Academic eligibility. Injuries. Illness. In the OIA Red Conference, finishing in first or second place guarantees an opening-round bye and nothing more. Right now, Kalaheo is in the driver's seat on the East side.
While Kalaheo finds ways to win when its engine isn't running on all cylinders, it is a plus for momentum. Tyler Caswell's dominance on the boards was key to two of Kalaheo's East Division wins this week. Then Cliffton Pires stepped up with a strong all-around effort as the Mustangs held back a furious Kailua rally for a win on Saturday.
Kalaheo's West counterpart, Mililani, has escaped with its share of comeback wins, as well. The Trojans rallied from deficits of 12 and 10 points to pull through with wins and improve to 10-0. Seeding will help, but it's clear that some late-blossoming teams are ready to make a postseason run.
One of Mililani's close-call victories came against Waianae, which shot the lights out before fading in the final quarter against the deeper Trojans. Waianae has four quality scorers, led by 6-foot-1 perimeter gunner Ramsey Beers.
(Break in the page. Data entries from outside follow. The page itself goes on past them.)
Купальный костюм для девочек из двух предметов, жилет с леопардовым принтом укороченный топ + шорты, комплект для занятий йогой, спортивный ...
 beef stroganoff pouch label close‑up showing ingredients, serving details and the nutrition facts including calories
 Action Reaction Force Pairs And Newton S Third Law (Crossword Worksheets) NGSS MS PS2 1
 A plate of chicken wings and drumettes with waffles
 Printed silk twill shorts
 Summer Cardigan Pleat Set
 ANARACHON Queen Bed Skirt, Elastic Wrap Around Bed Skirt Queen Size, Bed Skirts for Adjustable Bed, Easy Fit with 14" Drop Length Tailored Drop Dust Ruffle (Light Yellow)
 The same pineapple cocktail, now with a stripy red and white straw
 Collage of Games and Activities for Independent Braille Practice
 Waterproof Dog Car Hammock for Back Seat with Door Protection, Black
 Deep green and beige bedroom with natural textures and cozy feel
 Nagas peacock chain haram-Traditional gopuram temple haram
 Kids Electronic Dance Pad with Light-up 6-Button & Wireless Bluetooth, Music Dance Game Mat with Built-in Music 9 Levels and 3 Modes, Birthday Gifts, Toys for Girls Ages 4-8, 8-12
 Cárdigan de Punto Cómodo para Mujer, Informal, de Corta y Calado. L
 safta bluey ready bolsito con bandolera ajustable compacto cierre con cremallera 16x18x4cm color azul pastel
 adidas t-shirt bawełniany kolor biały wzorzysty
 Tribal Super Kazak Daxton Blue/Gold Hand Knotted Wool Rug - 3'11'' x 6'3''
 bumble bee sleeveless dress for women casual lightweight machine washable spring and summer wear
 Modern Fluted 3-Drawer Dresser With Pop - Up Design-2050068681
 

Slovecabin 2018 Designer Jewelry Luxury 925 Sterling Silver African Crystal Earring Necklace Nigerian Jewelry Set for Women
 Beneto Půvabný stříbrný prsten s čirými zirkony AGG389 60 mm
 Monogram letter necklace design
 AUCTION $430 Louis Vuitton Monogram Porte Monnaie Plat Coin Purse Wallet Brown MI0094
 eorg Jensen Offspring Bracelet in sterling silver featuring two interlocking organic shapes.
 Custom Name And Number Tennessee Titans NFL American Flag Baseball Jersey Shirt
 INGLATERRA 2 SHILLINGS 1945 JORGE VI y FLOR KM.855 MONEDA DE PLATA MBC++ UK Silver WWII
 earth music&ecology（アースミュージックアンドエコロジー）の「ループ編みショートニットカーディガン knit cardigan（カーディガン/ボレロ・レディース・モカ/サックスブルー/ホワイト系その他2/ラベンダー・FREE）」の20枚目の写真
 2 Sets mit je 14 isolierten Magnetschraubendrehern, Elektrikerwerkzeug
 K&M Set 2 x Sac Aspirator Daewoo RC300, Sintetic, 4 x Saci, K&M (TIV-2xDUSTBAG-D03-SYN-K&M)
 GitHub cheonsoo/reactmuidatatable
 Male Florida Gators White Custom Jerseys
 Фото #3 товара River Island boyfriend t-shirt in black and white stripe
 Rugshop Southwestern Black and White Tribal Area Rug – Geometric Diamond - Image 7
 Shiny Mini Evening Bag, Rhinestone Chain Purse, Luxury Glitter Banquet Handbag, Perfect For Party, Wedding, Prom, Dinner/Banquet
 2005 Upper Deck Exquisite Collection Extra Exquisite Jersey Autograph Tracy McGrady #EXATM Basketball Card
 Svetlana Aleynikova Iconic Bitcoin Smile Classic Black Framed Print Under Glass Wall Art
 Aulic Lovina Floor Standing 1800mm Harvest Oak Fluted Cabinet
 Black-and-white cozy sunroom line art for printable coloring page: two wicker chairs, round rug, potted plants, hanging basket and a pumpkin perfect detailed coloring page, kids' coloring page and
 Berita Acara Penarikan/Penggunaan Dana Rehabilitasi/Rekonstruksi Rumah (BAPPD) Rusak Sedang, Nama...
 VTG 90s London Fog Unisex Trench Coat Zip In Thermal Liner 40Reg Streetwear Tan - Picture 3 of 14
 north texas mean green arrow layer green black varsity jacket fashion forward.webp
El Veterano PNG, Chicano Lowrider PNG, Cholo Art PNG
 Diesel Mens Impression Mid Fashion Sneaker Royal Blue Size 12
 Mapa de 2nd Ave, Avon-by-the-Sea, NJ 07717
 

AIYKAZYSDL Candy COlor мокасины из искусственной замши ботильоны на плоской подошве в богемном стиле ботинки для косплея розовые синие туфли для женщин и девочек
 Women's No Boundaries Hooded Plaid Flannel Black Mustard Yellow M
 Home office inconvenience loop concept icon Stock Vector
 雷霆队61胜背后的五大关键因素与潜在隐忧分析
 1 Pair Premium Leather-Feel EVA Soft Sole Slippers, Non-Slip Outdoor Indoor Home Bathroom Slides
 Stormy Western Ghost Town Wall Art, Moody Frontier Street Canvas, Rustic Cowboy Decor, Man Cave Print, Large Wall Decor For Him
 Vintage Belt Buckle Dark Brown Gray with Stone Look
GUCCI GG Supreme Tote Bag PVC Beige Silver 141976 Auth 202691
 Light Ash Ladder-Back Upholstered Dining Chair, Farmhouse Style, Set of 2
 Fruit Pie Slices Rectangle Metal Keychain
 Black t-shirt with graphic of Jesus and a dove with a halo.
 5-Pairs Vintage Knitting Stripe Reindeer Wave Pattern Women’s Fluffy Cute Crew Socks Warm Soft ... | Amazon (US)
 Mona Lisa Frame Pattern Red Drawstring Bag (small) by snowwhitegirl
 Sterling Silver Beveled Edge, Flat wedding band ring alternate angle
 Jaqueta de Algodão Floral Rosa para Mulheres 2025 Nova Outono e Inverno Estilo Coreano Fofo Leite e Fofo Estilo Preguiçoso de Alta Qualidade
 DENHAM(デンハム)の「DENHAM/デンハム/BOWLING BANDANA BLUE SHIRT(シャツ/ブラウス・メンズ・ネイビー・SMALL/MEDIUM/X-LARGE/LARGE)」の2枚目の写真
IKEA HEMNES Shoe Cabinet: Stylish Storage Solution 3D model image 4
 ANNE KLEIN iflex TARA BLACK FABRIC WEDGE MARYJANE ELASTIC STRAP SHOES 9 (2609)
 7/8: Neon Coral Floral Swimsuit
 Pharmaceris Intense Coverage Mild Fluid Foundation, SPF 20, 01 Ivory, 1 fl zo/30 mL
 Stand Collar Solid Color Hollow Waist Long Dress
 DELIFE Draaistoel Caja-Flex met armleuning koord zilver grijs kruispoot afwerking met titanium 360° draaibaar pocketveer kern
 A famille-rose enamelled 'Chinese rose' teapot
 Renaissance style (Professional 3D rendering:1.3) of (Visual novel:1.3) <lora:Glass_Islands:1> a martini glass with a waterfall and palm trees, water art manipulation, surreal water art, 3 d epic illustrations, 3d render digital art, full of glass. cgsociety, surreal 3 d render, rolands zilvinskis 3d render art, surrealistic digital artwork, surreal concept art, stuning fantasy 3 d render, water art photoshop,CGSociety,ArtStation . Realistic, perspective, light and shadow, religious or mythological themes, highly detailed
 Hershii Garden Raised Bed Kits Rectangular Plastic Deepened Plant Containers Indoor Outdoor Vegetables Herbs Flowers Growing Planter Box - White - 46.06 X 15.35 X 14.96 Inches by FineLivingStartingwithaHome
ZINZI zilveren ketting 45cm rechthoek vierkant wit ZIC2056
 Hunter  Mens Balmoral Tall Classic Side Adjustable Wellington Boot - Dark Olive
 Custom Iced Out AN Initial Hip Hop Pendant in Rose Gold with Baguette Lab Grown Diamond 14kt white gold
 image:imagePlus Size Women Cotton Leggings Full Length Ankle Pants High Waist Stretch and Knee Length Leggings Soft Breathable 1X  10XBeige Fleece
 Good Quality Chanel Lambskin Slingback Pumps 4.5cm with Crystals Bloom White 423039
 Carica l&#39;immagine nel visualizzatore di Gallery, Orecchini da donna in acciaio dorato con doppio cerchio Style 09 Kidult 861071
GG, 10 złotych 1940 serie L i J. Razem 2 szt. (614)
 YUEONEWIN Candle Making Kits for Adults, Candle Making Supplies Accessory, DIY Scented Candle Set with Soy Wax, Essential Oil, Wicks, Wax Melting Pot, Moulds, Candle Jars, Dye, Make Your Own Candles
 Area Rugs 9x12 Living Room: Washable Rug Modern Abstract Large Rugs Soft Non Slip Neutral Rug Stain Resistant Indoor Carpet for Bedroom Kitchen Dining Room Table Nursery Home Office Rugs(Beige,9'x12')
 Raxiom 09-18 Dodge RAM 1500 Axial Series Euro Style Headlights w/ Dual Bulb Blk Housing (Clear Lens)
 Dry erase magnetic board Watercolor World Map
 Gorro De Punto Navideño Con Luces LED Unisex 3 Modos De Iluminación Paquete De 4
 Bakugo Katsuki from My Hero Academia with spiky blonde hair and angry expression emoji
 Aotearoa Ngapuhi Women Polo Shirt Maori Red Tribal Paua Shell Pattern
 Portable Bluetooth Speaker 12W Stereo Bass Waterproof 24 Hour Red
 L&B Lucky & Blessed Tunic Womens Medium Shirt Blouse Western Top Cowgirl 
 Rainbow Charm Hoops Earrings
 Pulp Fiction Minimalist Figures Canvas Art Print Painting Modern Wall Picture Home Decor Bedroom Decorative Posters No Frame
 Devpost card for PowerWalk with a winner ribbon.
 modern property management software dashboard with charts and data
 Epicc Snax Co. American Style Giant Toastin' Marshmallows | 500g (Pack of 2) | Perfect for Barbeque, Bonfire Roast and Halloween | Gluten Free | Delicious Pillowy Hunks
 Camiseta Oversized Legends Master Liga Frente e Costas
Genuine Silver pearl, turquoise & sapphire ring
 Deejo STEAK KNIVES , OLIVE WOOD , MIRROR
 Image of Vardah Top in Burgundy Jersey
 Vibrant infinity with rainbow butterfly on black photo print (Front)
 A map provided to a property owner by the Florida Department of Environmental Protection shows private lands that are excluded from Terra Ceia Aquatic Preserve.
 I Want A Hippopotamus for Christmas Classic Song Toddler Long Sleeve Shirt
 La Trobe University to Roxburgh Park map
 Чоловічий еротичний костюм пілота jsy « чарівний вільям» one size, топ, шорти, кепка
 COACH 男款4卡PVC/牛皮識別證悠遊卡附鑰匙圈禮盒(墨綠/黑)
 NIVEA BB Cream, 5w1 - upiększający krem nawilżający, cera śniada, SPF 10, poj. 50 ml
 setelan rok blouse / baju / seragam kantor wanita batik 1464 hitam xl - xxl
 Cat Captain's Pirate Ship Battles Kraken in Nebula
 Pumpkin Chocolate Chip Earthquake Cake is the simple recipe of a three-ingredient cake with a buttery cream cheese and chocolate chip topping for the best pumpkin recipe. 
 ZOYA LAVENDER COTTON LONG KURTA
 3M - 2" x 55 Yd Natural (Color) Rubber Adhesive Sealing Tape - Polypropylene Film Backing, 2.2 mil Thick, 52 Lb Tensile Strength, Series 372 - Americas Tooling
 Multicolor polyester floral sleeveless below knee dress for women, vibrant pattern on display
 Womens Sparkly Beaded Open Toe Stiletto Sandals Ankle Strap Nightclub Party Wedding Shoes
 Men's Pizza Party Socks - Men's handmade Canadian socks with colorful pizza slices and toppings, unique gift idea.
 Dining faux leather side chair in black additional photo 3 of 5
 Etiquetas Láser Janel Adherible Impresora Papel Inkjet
Another dangerous sleeper could be Kahuku, which had Moanalua on the ropes Saturday night. Jray Galeai, a transfer from Timpview High School in Provo, Utah, has brought balance to a Red Raiders squad that is big inside and young in the backcourt. The emergence of Irwin Ah-Hoy as a long-range threat, along with Galeai and Jack Damuni, complements center Willie Ching (6-5) and backup Patrick Au (6-8, 320 pounds).
The two teams could be as low as sixth seeds in their respective divisions, which would give third-place finishers a couple of seriously difficult draws.
Kalaheo coach Chico Furtado has seen Kahuku up close and wonders which Red Raiders team will show up.
"They're kind of confusing. They gave Moanalua a hard time, but they lost to Kailua just two nights earlier," he said. "The more interesting question is the fight for 2, 3 and 4 on our side."
Moanalua (7-3), Kailua (6-4) and Kaimuki (6-4) are in a battle for second place and a first-round bye.
Playbook on padlock: At least one coach said that he held his team back when it came to certain defensive schemes during a game in the past week. The reason?
His team's game was televised on OC 16.
"We would've done more stuff, but not when we're on TV," one coach said.
In fact, the fantastic number of games being televised is a boon for fans across the state. Coaches who don't get to see other leagues, even on Oahu, are getting a benefit, too. Some are scouting potential state-tournament opponents. At least one is putting his viewing experience to the ballot.
Because of the broadcasts, the coach elected to vote in today's Star-Bulletin Top 10 for the first time this season because he finally got a chance to see Interscholastic League of Honolulu games.
It was an historic week for both the ILH and OC 16, the first time regular-season basketball games in the league have been televised by Oahu's only high-school sports TV broadcaster.